The River Valley community has something very special that most communities in the state and country do not have. That is the abundance of rolling mountain tops all around us, many of which provide well groomed trails and beautiful vistas once you reach their summits. But what most people in the area give little thought to, unless they’re an avid hiker, is where the trailhead to that peak is and can I get there from here?

In the summer of 1984, three engineering students from Northeastern University named Larry Mikulski, Nicholas Vals and Roger Daigle came to work at the Rumford paper mill through the mill co-op program.  They were all very active guys and so were the other employees of the engineering department at that time.  On lunch breaks as well as after work this group of young men would bike, run, kayak, canoe and swim.  On weekends they trained for or entered triathlons.

Mikulski in particular wanted to take the groups athletic endeavors to another level. The students rented a condo at Sunday River and after work they often times would hike up the face of the ski slopes. This was exercise, but it still was not satisfying enough for Mikulski. As he looked around at all the other beautiful mountains he started asking that age old question, “How do I get there from here?”

Kim Redmond, one of the original group members, recalls that one evening they all went on a moonlight hike. That hike was just what Mikulski needed to start the ball rolling. He sent out a letter to the other men in his department which in short implanted the idea of taking on a different peak each week. Their new love for hiking and passion for exercise quickly formed into a group that they branded as PAW.
This legendary group of engineers included Mikulski, Vals, Daigle, Redmond, Wayne Landry, Jerry Martin, and Steve Fuller.
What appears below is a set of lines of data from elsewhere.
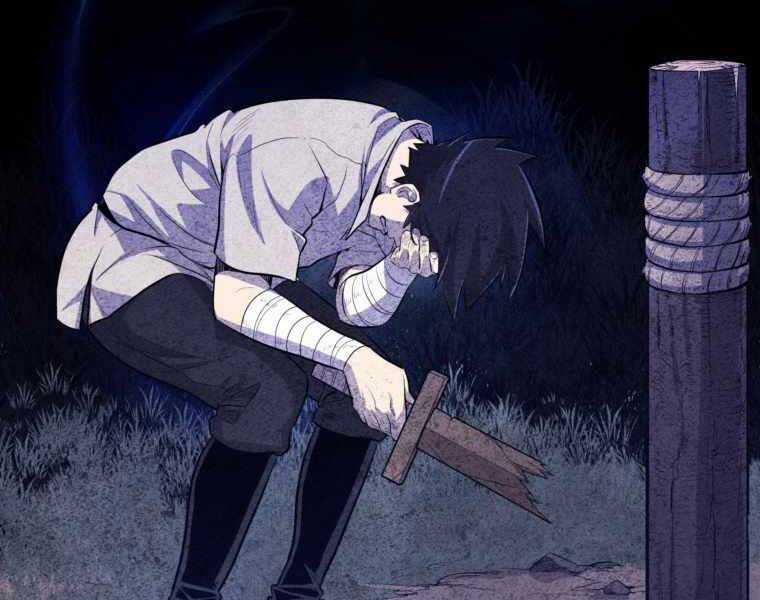 Chế Ngự Kiếm Chương 11 trang 146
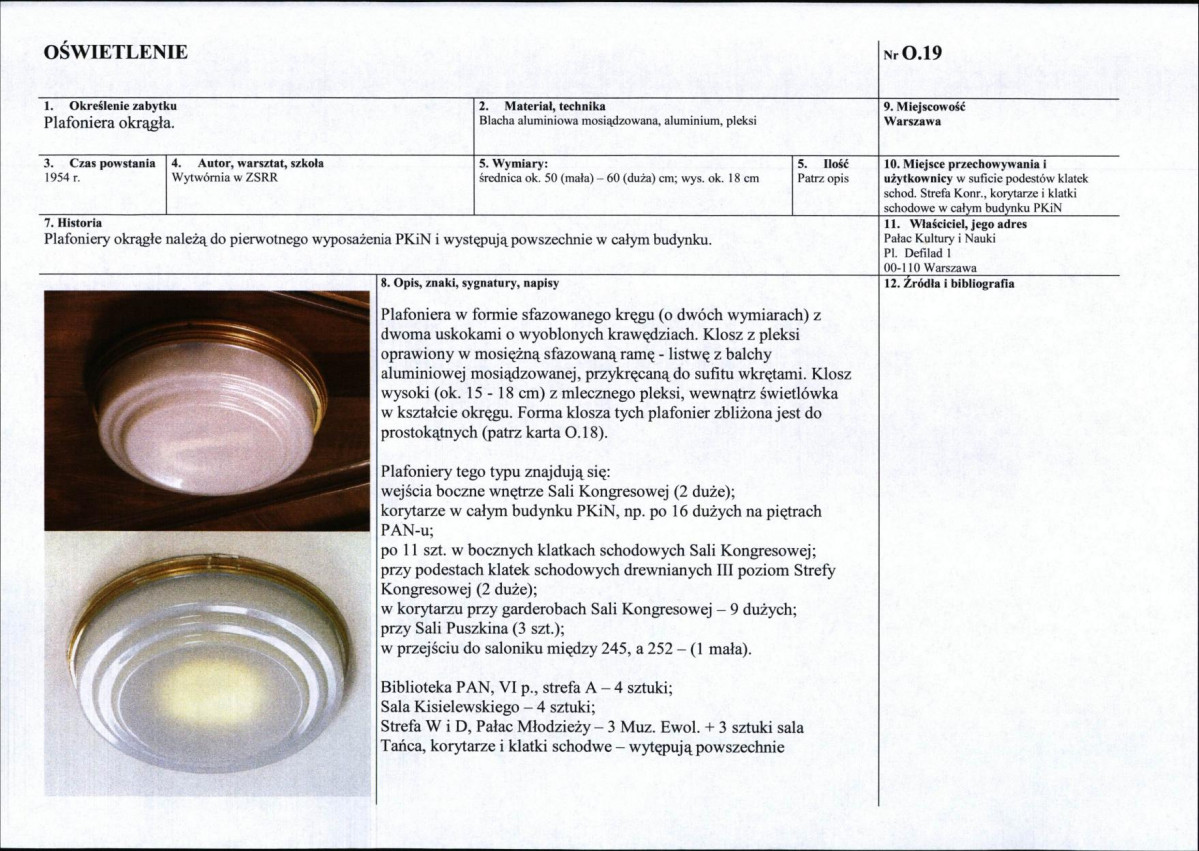 Karta biała, skan nr 294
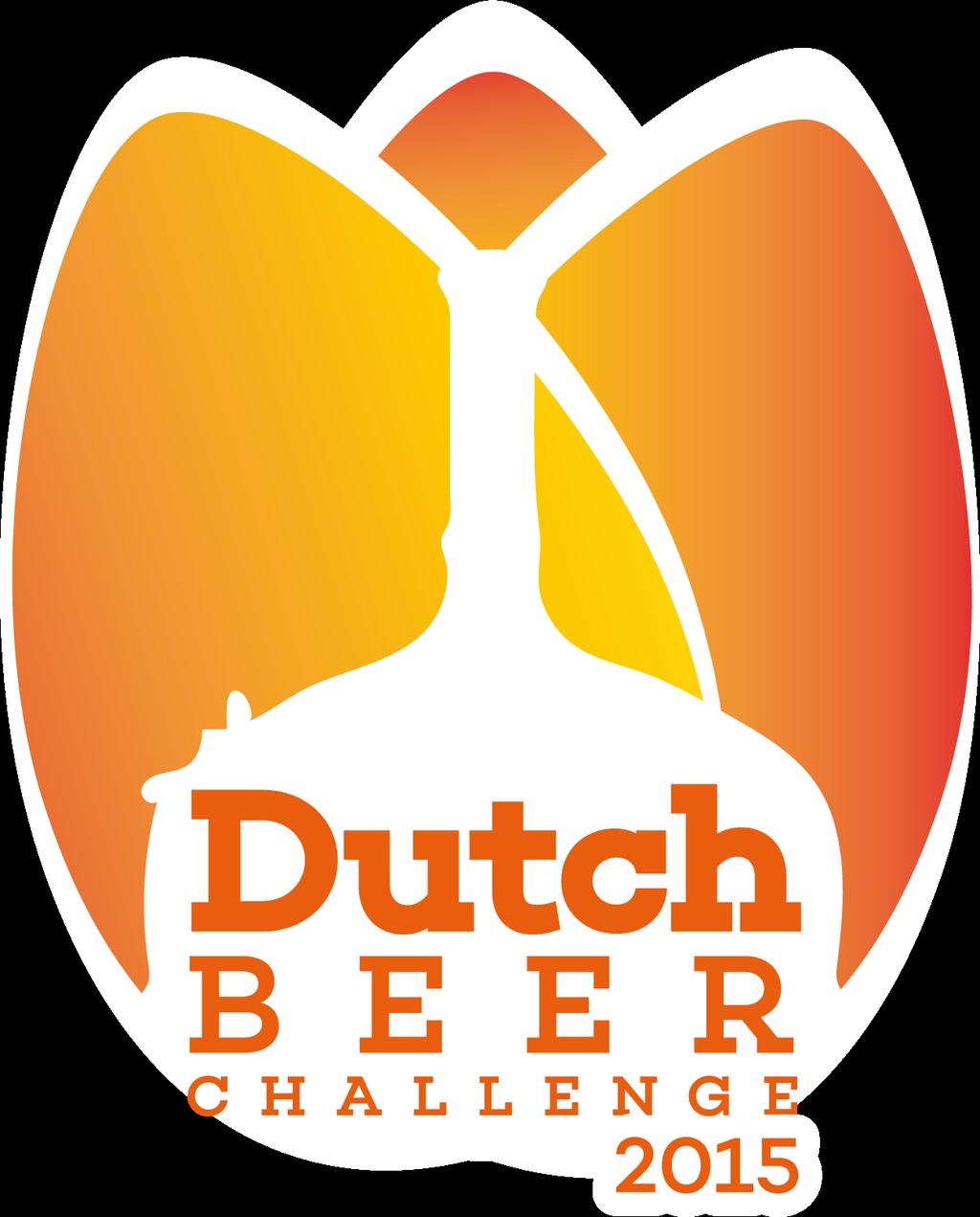 Categories Dutch Beer Challenge 2018 Num Categories Description Original Final Alcohol by volume 1 Blond Bitterness (EBU) 1.1 Pils Ondergistend. Stro tot geel. Helder tot briljant.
That band of seven men has since grown over the last 30 years to over 60 men, women and children. They’ve ranged in age from toddlers to men in their 80s.
Toshio Hashimoto’s first PAW hike was in 1991 when his youngest son was only one year old. He hikes faithfully with the group and has also been involved with other hiking organizations doing search and rescue throughout the state. He has been on far too many of those rescues, however, the PAW group provides him with a more relaxing, socialization time with great friends. He recalls his favorite hike as being the Loop Trail at Tumbeldown in Weld.

The hiking season for PAW begins in April and ends around the first week of October. You can expect some snow and ice on the first few treks while the last few descents challenge the hikers with total darkness before they are out. The hikes get longer and more vigorous as the summer progresses and then it begins to taper back, once again to milder climbs. Nothing, however, is too long or hard that it cannot be accomplished with a 5:20 pm departure time from the Rumford Information Center.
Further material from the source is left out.